The giant “Kit Kat” with green tea is our answer to the Japanese: they have bars in this country with such a taste (but small), but for some reason we don’t - so we will make our own and (purely in Russian, on a grand scale) very large . The white chocolate paste with the aroma of green tea creates a delicate soft layer: when you cut off a piece of such a treat, it smells great and melts - in the mouth, and not in the hands. In my opinion, in this giant bar everything is in moderation - they want to enjoy forever. And it’s not so difficult to prepare such a miracle at home: but how much joy you will bring to yourself and loved ones (especially, of course, children).
For chocolate coating:
- 600 grams of white chocolate;
- 1 teaspoon of green leaf tea;
- 100 grams of matcha green tea.
For chocolate paste:
- 300 grams of white chocolate;
- 225 grams of condensed milk;
- 75 milliliters of cream 30% fat (and higher);
- 70 grams of matcha green tea.
Still need 500 grams of waffles (I have vanilla filling).
Giant "Kit Kat" with green tea. Step by step recipe
- Cooking chocolate paste. We spread white chocolate (according to the recipe) in a bowl and put in a water bath. With constant stirring, melt the chocolate over medium heat.
- When white chocolate becomes a homogeneous liquid consistency and no lumps remain, pour cream of 30% fat and condensed milk (according to the recipe). Mix until smooth.
- Tip. The best baking creams are those that you have prepared at home. You can look at the recipe for cream of any fat content on our website “Very Delicious”.

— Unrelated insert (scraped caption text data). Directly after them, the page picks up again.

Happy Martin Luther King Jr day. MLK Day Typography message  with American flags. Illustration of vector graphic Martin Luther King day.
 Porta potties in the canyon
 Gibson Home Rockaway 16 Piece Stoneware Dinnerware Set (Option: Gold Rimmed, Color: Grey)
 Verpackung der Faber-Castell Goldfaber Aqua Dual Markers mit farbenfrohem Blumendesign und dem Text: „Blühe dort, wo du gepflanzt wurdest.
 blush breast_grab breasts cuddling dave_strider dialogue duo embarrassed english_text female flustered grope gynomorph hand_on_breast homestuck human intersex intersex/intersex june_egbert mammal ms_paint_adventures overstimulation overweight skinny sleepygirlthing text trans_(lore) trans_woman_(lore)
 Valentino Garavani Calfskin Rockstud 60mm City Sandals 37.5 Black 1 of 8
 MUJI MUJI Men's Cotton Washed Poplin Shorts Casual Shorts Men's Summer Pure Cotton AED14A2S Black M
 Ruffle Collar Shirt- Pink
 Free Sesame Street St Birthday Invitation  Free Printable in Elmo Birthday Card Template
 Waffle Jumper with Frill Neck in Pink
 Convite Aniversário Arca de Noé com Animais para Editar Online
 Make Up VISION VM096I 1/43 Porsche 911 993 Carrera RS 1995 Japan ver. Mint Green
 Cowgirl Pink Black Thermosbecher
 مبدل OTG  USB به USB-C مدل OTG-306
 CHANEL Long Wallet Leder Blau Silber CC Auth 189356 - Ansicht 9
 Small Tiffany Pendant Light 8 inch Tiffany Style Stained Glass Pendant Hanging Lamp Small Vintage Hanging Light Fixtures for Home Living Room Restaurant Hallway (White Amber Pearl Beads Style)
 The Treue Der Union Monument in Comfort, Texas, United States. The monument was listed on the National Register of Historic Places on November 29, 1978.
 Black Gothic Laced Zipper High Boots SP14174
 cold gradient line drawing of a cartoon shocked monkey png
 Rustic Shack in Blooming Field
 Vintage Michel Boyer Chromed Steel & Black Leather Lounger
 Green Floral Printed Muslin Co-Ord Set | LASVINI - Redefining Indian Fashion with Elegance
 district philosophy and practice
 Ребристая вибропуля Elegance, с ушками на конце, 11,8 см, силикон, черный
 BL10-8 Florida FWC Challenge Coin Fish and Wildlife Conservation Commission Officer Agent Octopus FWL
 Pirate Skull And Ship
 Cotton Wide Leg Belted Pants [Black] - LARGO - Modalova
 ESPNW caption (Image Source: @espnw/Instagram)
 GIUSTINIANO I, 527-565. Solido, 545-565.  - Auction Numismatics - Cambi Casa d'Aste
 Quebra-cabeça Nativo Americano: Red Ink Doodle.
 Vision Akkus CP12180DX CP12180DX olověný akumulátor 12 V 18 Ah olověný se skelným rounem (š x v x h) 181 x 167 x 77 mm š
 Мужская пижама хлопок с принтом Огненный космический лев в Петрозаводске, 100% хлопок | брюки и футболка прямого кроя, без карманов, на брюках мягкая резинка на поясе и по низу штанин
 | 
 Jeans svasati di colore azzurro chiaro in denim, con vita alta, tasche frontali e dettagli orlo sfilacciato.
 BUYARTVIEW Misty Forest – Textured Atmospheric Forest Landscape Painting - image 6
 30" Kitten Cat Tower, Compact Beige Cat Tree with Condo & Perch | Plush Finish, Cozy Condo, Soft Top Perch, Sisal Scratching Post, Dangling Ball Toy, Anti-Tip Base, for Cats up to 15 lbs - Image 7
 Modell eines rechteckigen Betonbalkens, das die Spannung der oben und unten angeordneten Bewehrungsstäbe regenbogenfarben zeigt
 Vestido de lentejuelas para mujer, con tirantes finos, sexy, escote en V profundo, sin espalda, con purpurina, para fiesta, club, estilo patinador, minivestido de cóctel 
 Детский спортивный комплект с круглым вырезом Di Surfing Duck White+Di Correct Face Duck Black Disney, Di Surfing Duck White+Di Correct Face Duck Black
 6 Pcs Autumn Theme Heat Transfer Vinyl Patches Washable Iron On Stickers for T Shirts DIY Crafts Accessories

- Pour matcha green tea into a creamy chocolate mixture (this is Japanese tea in the form of a powder), mix thoroughly all the time so that no lumps form.
- Pour the finished chocolate paste of delicate green color into a plate and leave it for a while.
- To prepare the giant Kit Kat bar, we need a cupcake mold with approximate dimensions: length - 30 centimeters, width - 10 centimeters, height - 8 centimeters. Wash it well, wipe and polish with a napkin.
- Cooking chocolate coating. We send 400 grams of white chocolate to the water bath (from the recipe for chocolate coating). Turn on the medium heat and melt the chocolate, stirring occasionally: so that the process is uniform.
- Grind ordinary leafy green tea with a knife (but not into powder).
- When the chocolate is almost completely dissolved, add green tea and mix well.
- In the process of cooking you will have to use a kitchen thermometer: we need the chocolate temperature to reach 45 degrees - this is a prerequisite.
- When the chocolate reaches the desired temperature, remove the bowl from the fire, pour the matcha tea and mix thoroughly with a whisk. Most importantly: stir intensively so that no lumps form.
- When the tea is completely combined with chocolate and the last becomes an intense green color, put the remaining white chocolate in a bowl (pieces, we have 200 grams of them according to the recipe). Stir until the added chocolate is completely dissolved (nothing needs to be heated).
- Put a bowl of chocolate in ice water or put on ice. We mix with a spatula from the bottom up, that the mass is evenly cooled and the chocolate has crystallized in the desired shape.
- We check the temperature with a kitchen thermometer: we need the chocolate mass to cool to 27-28 degrees.
- As soon as the temperature reaches the desired level, again we send the bowl with the chocolate mass to the water bath. And heat, with constant stirring, up to 32 degrees.
- ⅔ pour the entire volume of the prepared chocolate coating into the prepared mold, level it with a spatula over the entire surface: make an even thick layer on the walls of the dishes.
- Leave for solidification: at room temperature for 30 minutes, in the refrigerator for 15 minutes.
- After the layer has hardened, coat with a white chocolate paste on top, smoothing out irregularities.
- We spread the layer of wafers tightly to each other (you can use waffles without filling). If necessary, cut the wafers into strips: the form must be completely filled. The process of forming a giant bar you can see in detail the video under the recipe.
- After the waffle layer is laid out, grease it with chocolate paste: it should fill all the voids.
- We spread the next layer of wafers, spread with paste: and so on until the whole form is filled.
- We don’t lubricate the last layer with the paste, but pour the chocolate coating on it (we heat it up a bit before it becomes liquid).
- Using a special spatula or a wide knife, smooth the surface - it should be smooth.
- We remove the finished giant chocolate bar in the refrigerator for three hours (approximately): we need the top layer to harden well.
- Slightly bend the edges of the form: and a giant bar easily comes out of it.
We serve the giant bar “Kit Kat” with fragrant notes of green tea: you can’t eat a lot of it, because it is very sweet - that's why we call friends. Already want to bite a bite? Put the samovar faster - and enjoy the wonderful taste of the original sweet: I wish you bon appetit. And until we meet again on the Very Delicious website: every day we prepare new recipes for wonderful dishes for you.